Ниже приводятся результаты подсчета размеров двух ступеней бедности среди промышленных работников промышленных предприятий области в динамике за пять лет (табл. 2). Приведенные данные подтверждают высказанный ранее оптимизм в части неуклонного, но очень медленного сокращения доли бедных в промышленной сфере. Совершенно очевидно, что такие темпы не сулят скорого решения этой проблемы.
Таблица 2
Изменение доли респондентов по двум ступеням бедности среди промышленных работников промышленных предприятий области в 2003—2007 годах, % к общему числу участников опроса, по годам
Год Ниже одного От 1 до 2,0 Всего «бедных»
прожиточного прожиточных первой и второй
минимума (нищета) минимумов (нужда) ступени
2003 44,1 36,8 80,3
2004 32,1 37,7 69,8
2005 35,6 37,3 72,9
2006 25,3 39,1 64,4
2007 22,4 39,2 61,6
Обращает на себя внимание значительные размеры группы, которая относится к категории «нужда». Это те, кто указал среднедушевой семейный доход в диапазоне от величины одного прожиточного минимума до двух его значений. Размер этой группы приближается к 40 % и вместе с группой, относящейся к категории «нищеты», охватывает более половины опрошенных рабочих. Можно ли верить этим данным?
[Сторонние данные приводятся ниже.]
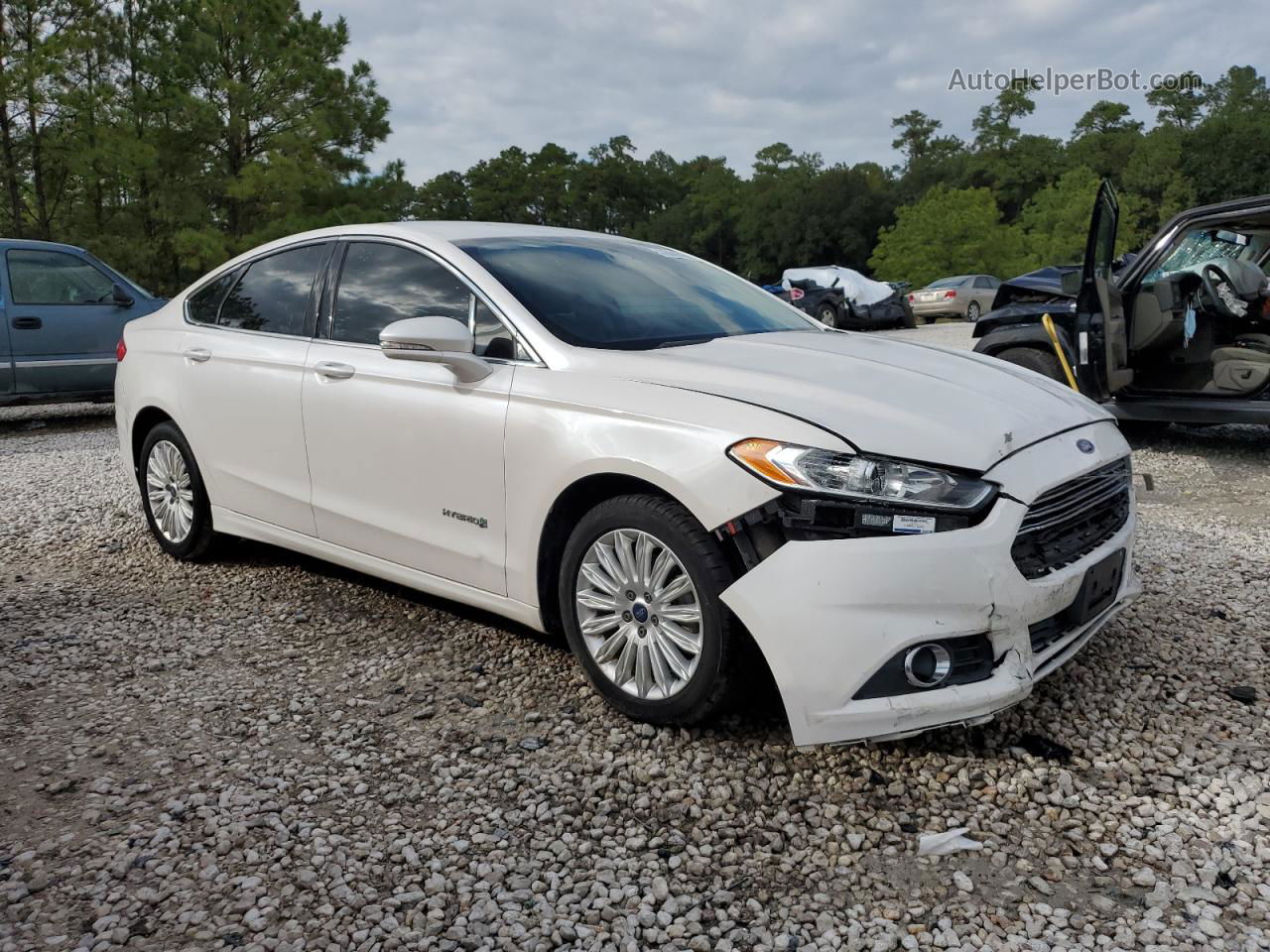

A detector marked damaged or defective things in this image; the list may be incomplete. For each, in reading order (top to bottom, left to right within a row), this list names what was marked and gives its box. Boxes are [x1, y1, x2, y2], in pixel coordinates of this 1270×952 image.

damaged front bumper [721, 423, 1148, 746]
Необходимо признать, что сведения о величине среднедушевого дохода в семьях, полученные в процессе опроса с участием самих респондентов, рассматриваются исследователями как менее надежные, чем данные о величине их заработной платы. Вероятность занижения фактической величины дохода здесь резко возрастает. Некоторые респонденты то забывают
включить доход кого-то из членов семьи в общую сумму, то указывают эти доходы не полностью. Иногда это вызвано стремлением не демонстрировать более высокий уровень жизни. В результате этого исследователи могут получать заниженные величины доходов, которые в конечном счете искусственно завышают число бедных. Это естественный риск использования данных, получаемых в процессе опроса. Проверку величины этого завышения можно попытаться оценить, используя субъективную оценку респондентами материальной обеспеченности своих семей. В этом случае его не просят сообщать величины доходы. Он должен сказать, насколько обеспечена материально его семья. В результате такой процедуры появляется возможность сопоставить распределения, полученные разными методами.
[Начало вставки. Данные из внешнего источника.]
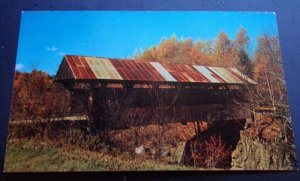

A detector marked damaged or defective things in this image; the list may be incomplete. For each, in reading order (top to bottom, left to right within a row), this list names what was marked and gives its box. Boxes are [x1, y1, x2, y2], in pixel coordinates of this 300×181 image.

rusty metal roof [55, 54, 256, 84]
Ниже приводятся полученные на основе обработки данных опроса распределения, которое дает представление о том, к каким категориям по уровню материальной обеспеченности относятся, по мнению респондентов, их семьи (табл. 3). В опросе использовалась шкала, состоящая из пяти категорий материальной обеспеченности. Для облегчения восприятия в приведенных ниже распределениях объединены две первых категории («Вполне обеспеченная» и «Более-менее обеспеченная») и две последних категории («Не обеспечена самым необходимым» и «Бедствующая») в процентах к общему числу опрошенных.
Таблица 3
Изменение доли респондентов по субъективной оценке материальной обеспеченности среди промышленных работников промышленных предприятий области в 2003—2007 годах, % к общему числу участников
опроса, по годам
Категории семей Годы
2004 2005 2006
Вполне обеспеченные и более-менее обеспеченные семьи 50,8 51,4 58,9
Малообеспеченные 43,1 40,1 36,6
Не обеспеченные самым необходи- 6,1 8,4 4,5
мым и бедствующие семьи
К категории бедных в этом распределении, по нашему мнению, относятся малообеспеченные, не обеспеченные самым необходимым и бедствующие. Как нетрудно заметить, полученная по этой методике доля «бедных» оказывается меньше, чем доля, подсчитанная на основе величины среднедушевого дохода.
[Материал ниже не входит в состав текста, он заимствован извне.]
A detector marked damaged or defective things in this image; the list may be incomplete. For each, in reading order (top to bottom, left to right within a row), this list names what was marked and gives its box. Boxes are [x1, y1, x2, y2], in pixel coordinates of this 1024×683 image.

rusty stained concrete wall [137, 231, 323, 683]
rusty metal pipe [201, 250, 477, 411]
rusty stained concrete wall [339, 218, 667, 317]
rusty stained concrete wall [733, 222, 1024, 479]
Нам представляется, что при субъективной оценке своей материальной обеспеченности немалую роль в ее формировании играет представле-
ние респондента о том, что такое обеспеченность. Люди, прожившие большую часть жизни в условиях советской действительности и равной бедности, имеют о ней адекватное тому времени представление. В те годы удовлетворялись лишь наиболее элементарные человеческие потребности, а все остальное считалось чуждым сложившемуся образу жизни. Как наследие тех лет, горожане до сих пор имеют небольшие натуральные хозяйства (огороды и даже приусадебные хозяйства в небольших городах), играющие важную роль в материальной поддержке семьи. И считают это нормальным образом жизни, создающим их обеспеченность.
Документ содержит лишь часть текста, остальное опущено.